Members of selection and promotion boards assess and evaluate job applicants and those due for promotion according to merit and fitness, rank them, then submit their rankings and recommendations to the appointing authorities in their respective offices.
As a matter of policy, too, appointing authorities are supposed to follow the rankings and recommendations of their selection and promotion boards in hiring or promoting employees.
But appointing authorities do not always follow the rankings and recommendations of their selection and promotion boards. Somehow favoritism manages to deal a hand in the hiring and promotion of employees.
Thus, even if job applicants or those due for promotion are ranked lower, if they are close to the appointing authority, they get hired or promoted.

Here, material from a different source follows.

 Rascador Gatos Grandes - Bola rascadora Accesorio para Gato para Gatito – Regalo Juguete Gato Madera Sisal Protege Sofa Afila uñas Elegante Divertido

In one government office, for instance, employees complained that items and positions for promotions were reserved for the favorites of the appointing authority.
The reason why favoritism continues to rear its ugly head in some government offices is the discretionary power given to appointing authorities in hiring or promoting employees.
Appointing authorities always invoke their discretionary power in hiring or promoting their favorites on the flimsy excuse that they want to hire or promote people that they are comfortable with.
As if promoting good human relationships in an office was not part of the function of an office manager.
Favoritism in some government offices breeds sipsipism. Our employees union before had a fitting acronym for sipsips in our office: Aids, meaning ako'y isang dakilang sipsip.
Sipsips in government offices make it a point to tell on their fellow employees, spread ugly gossips about them to put them down, in order to ingratiate themselves into the good graces of the tingods in their offices and get promoted.
Others literally lick the boots of the tingods in their offices or purr before them like overzealous Siamese cats in order to get their nod.
Gifts, too, are almost always given even if there are no occasions for the gifts. Gifts, to our mind, are forms of bribery, and there is supposed to be a law against bribery.
One level in government where merit and fitness are not sometimes followed is in the appointment of assistant regional directors and regional directors.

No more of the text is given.